The day couldn’t have been lovelier, and the people gathered couldn’t have been more charged with enthusiasm, when master of ceremonies John Palminteri of KEYT News announced it was time for the 5K walk to begin.
With a release of balloons and the ceremonial cutting of the ribbon across the entranceway, the 2017 Santa Barbara Juvenile Diabetes Research Foundation One Walk began at 10 a.m. on Saturday, Oct. 7, along Ledbetter Beach.
The walk is an annual event, and the tagline for this year’s march was “Turn Type One Into Type None.” The motto of the JDRF is “Imagine A World Without Type 1 Diabetes.”
Type 1 Diabetes is a disease of the autoimmune system. The body’s immune system attacks and destroys the insulin-producing beta cells in the pancreas, causing the pancreas to stop producing insulin. The causes of this chronic illness are not completely understood, but scientists believe genetic factors and environmental issues play the major roles. It cannot be prevented, and there is no cure.
Type 1 Diabetes should not be confused with Type 2, for the diseases are quite different. Type 1 is usually associated with children, although it can strike at any age, while Type 2 typically occurs in people past 30 years old. Type 2 is associated with obesity, as well as high blood pressure and high cholesterol.
Type 2 can sometimes be treated by changes in lifestyle, such as diet and exercise, rather than with medication, whereas Type 1 requires daily shots of insulin and continual monitoring of blood sugar levels to keep the patient alive.
Type 1 diabetes is one of the leading causes of death in the United States, behind heart disease, cancer and stroke, claiming 80,000 lives every year. It affects more than 1.25 million Americans, with 40,000 new cases being diagnosed annually.

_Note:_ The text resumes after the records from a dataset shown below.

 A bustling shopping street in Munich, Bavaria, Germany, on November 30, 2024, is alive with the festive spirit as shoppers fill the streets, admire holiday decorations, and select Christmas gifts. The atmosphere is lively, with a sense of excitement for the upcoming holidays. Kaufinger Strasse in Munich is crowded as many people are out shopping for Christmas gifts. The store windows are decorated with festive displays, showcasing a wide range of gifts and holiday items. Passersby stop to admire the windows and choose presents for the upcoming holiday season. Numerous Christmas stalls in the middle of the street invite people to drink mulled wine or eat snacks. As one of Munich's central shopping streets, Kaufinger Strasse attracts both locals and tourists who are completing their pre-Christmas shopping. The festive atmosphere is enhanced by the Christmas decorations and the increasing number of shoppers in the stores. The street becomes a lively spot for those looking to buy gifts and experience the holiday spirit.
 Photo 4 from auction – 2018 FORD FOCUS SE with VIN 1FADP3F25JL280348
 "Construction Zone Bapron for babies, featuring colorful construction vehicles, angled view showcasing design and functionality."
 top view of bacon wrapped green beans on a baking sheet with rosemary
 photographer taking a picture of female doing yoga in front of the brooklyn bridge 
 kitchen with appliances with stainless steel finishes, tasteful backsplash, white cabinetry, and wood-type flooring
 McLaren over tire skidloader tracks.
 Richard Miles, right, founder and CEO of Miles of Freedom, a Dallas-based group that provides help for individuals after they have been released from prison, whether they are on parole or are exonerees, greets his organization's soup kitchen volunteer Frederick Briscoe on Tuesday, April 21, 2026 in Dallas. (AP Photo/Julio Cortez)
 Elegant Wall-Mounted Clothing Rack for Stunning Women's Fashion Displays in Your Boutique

The yearly health-care costs are $14 billion. These numbers are expected to increase, as the JDRF estimates that 5 million Americans will have Type 1 by 2050.
While there is no cure in sight, there is hope. Insulin pumps that automatically monitor blood-sugar levels and provide insulin as needed are becoming more common. Artificial pancreas’s that take blood monitoring and insulin delivery to the next level are now hitting the market. This is not an organ transplant but a small device worn outside the body that does the work of the pancreas. Specially-trained diabetic alert dogs can warn a diabetic or their caregivers when his/her blood sugar gets too low or too high.
In spite of these advances, living with Type 1 diabetes is challenging, to put it mildly. It is a life-threatening disease and requires constant attention on the diabetics’ part. As Mary Tyler Moore, who was diagnosed with type 1 in 1969 and was for many years chairperson of the JDRF, put it, diabetics “need to be constantly factoring and adjusting … to check blood sugars, and giving ourselves multiple daily insulin shots just to stay alive.”
Among the other famous people who have had type 1 diabetes: Actresses Sharon Stone, Vanessa Williams and Halle Berry, author Anne Rice, Supreme Court Justice Sonia Sotomayor, actor Peter O’Toole, baseball legend Jackie Robinson, and UK Prime Minister Theresa May.
Every year more than 900,000 people take part in 200 of these JDRF-sponsored walks across the U.S., all with the goal of raising money for research devoted to finding a cure for type 1 diabetes. For someone like myself, who lost a son to type 1 diabetes in 2009, there can be no worthier cause than searching for a way to make “Type One Type None.”